When evaluating eyes injected suprachoroidally, widespread inflammation was again observed in eyes injected with AAV1, AAV2, and AAV6, similar to the pattern seen for subretinally injected eyes (Supplementary Fig. S2; Table 1; Fig. 3). Despite a suprachoroidal route of delivery, these eyes had Iba1-positive cells in both the vitreous and outer retina. Iba1-positive cells located in the outer retina were rounded, indicating active, potentially phagocytic microglia or macrophages (Fig. 3A–C). Interestingly, for AAV1 and AAV6, eyes that received suprachoroidal injections had more inflammation than eyes injected subretinally with the same vector (Supplementary Fig. S2; Table 1; Fig. 3). Moreover, eyes receiving AAV2 and AAV6 suprachoroidally displayed higher levels of ICAM1-positive cells in the vitreous and inner retina (Fig. 3B, C).

Figure 3.

Suprachoroidal delivery of AAVs 1, 2, and 6 induces higher inflammatory response that is not proportional to the degree of viral-mediated transduction and expression of eGFP. Representative confocal images of eyes injected suprachoroidally with AAV1 (A), AAV2 (B), AAV6 (C), AAV8 (D), or AAV9 (E) compared to vehicle controls (F) labeled with anti-Iba1 (red) and anti-ICAM1 (blue). Fluorescent signal for eGFP (green) driven by each vector was detected without antibody enhancement. Nuclei are counterstained with DAPI (white). Individual fluorophores are shown as well as the merged image. Iba1-positive cells within the vitreous cavity are denoted by white arrows in (A–C). Iba1-positive cells in the outer nuclear layer and subretinal space in (A–C) are denoted by white arrowheads. Scale bars = 50 μm.

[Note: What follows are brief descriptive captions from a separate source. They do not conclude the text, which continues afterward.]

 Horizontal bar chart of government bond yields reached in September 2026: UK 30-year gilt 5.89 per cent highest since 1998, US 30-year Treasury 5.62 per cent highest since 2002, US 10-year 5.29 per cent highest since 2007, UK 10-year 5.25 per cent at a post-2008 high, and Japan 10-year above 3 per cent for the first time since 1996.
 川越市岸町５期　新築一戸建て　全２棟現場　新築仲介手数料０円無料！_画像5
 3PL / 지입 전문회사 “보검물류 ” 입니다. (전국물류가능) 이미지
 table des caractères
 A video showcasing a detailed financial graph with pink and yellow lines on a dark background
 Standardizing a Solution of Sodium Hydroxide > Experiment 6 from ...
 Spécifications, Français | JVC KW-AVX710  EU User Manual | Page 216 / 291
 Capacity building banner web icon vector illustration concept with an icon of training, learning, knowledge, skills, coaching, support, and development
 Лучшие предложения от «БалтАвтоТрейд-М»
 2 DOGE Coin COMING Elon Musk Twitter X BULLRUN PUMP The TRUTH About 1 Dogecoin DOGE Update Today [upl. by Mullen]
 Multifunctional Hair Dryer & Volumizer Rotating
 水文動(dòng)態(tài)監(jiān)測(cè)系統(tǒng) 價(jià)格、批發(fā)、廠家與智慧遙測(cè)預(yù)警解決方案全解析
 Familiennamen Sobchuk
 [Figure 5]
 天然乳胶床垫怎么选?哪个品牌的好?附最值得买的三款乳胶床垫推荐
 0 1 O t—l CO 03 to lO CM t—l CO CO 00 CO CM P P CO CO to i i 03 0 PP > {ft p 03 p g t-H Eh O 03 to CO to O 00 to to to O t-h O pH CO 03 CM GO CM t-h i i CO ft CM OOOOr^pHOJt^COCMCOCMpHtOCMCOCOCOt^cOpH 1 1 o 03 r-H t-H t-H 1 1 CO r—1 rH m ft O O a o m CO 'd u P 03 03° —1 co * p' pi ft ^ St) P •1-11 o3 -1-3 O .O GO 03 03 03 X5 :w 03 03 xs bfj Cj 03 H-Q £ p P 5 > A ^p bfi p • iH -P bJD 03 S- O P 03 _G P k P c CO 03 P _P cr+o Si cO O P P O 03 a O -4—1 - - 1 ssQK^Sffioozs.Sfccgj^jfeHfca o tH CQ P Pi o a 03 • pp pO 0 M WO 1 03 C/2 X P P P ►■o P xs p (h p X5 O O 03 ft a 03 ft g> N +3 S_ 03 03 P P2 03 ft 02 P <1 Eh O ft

In addition, eyes injected suprachoroidally with AAV8 and AAV9 had moderate inflammation, and only in the vitreous, whereas eyes injected with these two serotypes subretinally had no increased inflammation compared to vehicle controls (Supplementary Fig. S2; Table 1). Despite each serotype being delivered into the suprachoroidal space, only AAV1, AAV2, and AAV6 seemed to increase the number of Iba1-positive cells in the choroid (Fig. 3A–C). Similar to observations made for subretinal delivery, suprachoroidal injection of AAV1, AAV2, and AAV6 also caused a noteworthy increase in Iba1 and ICAM1 expression in the choroid compared to AAV8-, AAV9-, and buffer-injected eyes (Fig. 3).

As shown in the preceding figures (Figs. 1–3), the severity of inflammation seen did not appear to correlate with the degree of retinal transduction for any serotype or route of delivery. To further validate this lack of correlation, panoramic images of representative eyes following subretinal AAV2 or AAV9 are shown in Fig. 4. Note that for the AAV2-injected eye, pan-retinal inflammation (i.e., Iba1-positive cells spanning vitreous cavity to the subretinal space) with scant transduction (i.e., cells with eGFP expression) of ONL neurons (Fig. 4A) was detected. By contrast, the AAV9-injected eye has a large area of strong outer retinal transduction with minimal histologically apparent expression of Iba1 (Fig. 4B). In most eyes analyzed, the extent of Iba1-demarcated inflammation extends well beyond the margins of vector transduction and eGFP expression.

Figure 4.

The degree of inflammation does not correlate with eGFP expression. Confocal panoramic images of retina following subretinal injection of AAV2 (A) or AAV9 (B) labeled with anti-Iba1 (red). Fluorescent signal for eGFP (green) was detected without antibody enhancement. Nuclei are counterstained with DAPI (blue). Scale bar = 300 μm.

With strong evidence of infiltration of cells into the neural retina, we expanded our study using several markers for adaptive immune and antigen-presenting cells. We performed immunohistochemistry using anti-CD3 to label mature T cells, anti CD20 to label B cells, and anti-HLA-DR to label major histocompatibility complex (MHC) class II antigen-presenting cells on the three vectors that stimulated an inflammatory response with respect to Iba1 labeling: AAV1 (Supplementary Fig. S3), AAV2 (Supplementary Fig. S4) and AAV6 (Fig. 5). Compared to the more inflammatory vectors, there was no evidence of infiltration of adaptive immune cells following intravitreal delivery of AAV1 and only a small number following subretinal or suprachoroidal delivery (Supplementary Fig. S3).

Figure 5.

Injection of AAV6 induces infiltration of adaptive immune cells into the neural retina. Representative confocal micrographs of eyes injected with AAV6 labeled with anti-CD3 ( red; A–C), anti-CD20 ( red; D–F), or anti-MHC Class II ( red; G–I) along with anti-ICAM1 ( blue; A’, B’, C’, D’, E’, F’, G’, H’, and I’) following injection intravitreally (A–A”, D–D”, and G–G”), subretinally (B–B”, E–E”, and H–H”), or suprachoroidally (C–C”, F–F”, and I–I”). Merged images include the nuclear counterstain, DAPI ( white; A”, B”, C”, D”, E”, F”, G”, H”, and I”). Scale bar in (A) = 50 μm. MHC, major histocompatibility complex.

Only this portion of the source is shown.